Roland Barthes, in The Death of the Author, states that article is up to the individual viewer's interpretation. The removal of the author from the text gives the reader the opportunity to become its new "owner" [Barthes, page 3]. Throughout the article Barthes mentions other authors and the way they write, but the main point he is trying to express is that every one of these authors is disconnected from their work. In a sense, they have died. When Roland Barthes says "the death of the author" he means the literary death, the disconnect between the text and the person who wrote it. The authors words mean nothing to the reader because they are unaware of the significance that the text holds. Because the reader is unaware of what the authors experience was that sparked their writing, only the reader can find any meaning because the author's existence is only through the text. Roland Barthes uses imagery, metaphors, and word choice throughout the text to describe the death of the author.

 In the first line of the text, Barthes mentions Sarrasine and how Balzac described a castrato singer who was pretending to be a woman. He uses a quote to expresses the woman's characteristics in a romantic and beautiful way. Barthes used this quote to ask us who the speaker was, and all of the possible people, who it could have been. Not knowing what the purpose of the text is when reading a text can alter the way you interpret it. There really is no other meaning than what the reader infers. The text is open to everyone's opinions and interpretations and that makes the author's personal significance almost non-existent. Barthes continues to bring up other authors throughout the article, mentioning their different writing styles. He mentions Mallarme and how he was the first to see that if he substituted language for the person who would read it, then they would experience it in their own way. "It is the language which speaks, not the author; to write is, through a prerequisite impersonality, to reach that point where only language acts, 'performs,' and not 'me'." [Barthes, page. 3] 

The birth of the text happens at the same moment as the death of the author. The birth of the text happens when the viewer finds a connection with the text, which causes the author's death. The author's words and their intended meaning are no longer significant to the viewer because the viewer has found their own significance. An author dies when his work is complete. He uses imagery to portray this death. As soon as the words are put onto paper, the author is separated from his writing. They are no longer a part of him; in a way he is similar to the castrato singer, missing an essential part of himself. The singer and the author have something in common, they both lost a part of themselves in order to do what they loved., i.e, to sing and to write.

Barthes uses metaphors as he compares an author and his work to a father and a child, the father has watched/helped his child grow, and once that child is finally grown up, the father takes a step back and the child begins to live their life independently, like the text does once it is published. Although the book came from the author like the child came from the father, they are no longer connected hand in hand. The world will judge both the book and the son on their mistakes, but Barthes mentions that it is the text that should be judged not the person who made it.

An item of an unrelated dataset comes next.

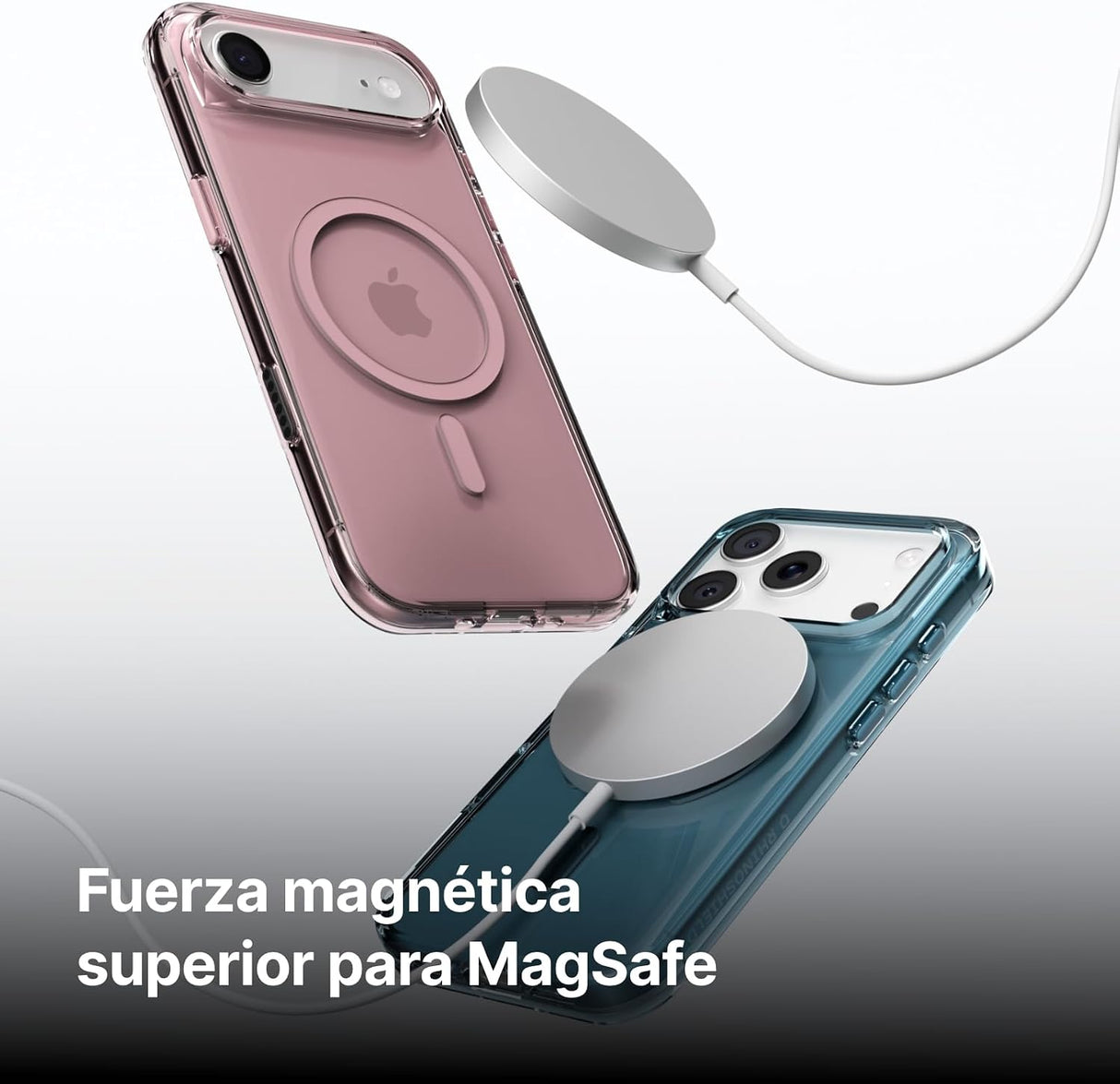 RhinoShield Clear MagSafe Funda Transparente para iPhone 17 Pro, Antiamarilleo, Anti-Golpes Grado Militar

Barthes' word choice is very metaphorical at times, especially when he describes a text as a figure that goes through many different journeys; the first is to be thought of by the creator. Barthes believes that the creator of the work is not the owner, the owner is many people who will read the text and find a connection with it. The next step of the text's journey is when it is written down and detached from its creator. The third step of the journey is when it is read by a new person and they become the new owner, marking its final destination. "A text's unity lies not in its origin but in its destination" perfectly describes the text's journey. It is not about where it came from or where it has been; the only part that truly matters are where it ends and what it's impact was on your life. 

Barthes continued to say that the removal of the author happens because the text speaks for itself and the author's story has nothing to do with the readers. "The removal of the Author is not merely an historical fact or an act of writing; it utterly transforms the modern text (or which is the same thing  the text is henceforth made and read in such a way that at all its levels the author is absent)."  [Barthes. page 4]

Barthes' article portrays the disconnect between the author and his text. The meaning of the text is gone when the author puts the words onto paper. The author is separated from the text so that the readers can find a connection with it, resulting in the death of the author. Barthes used literary elements throughout his article to help explain this death in a fuller and artistic way.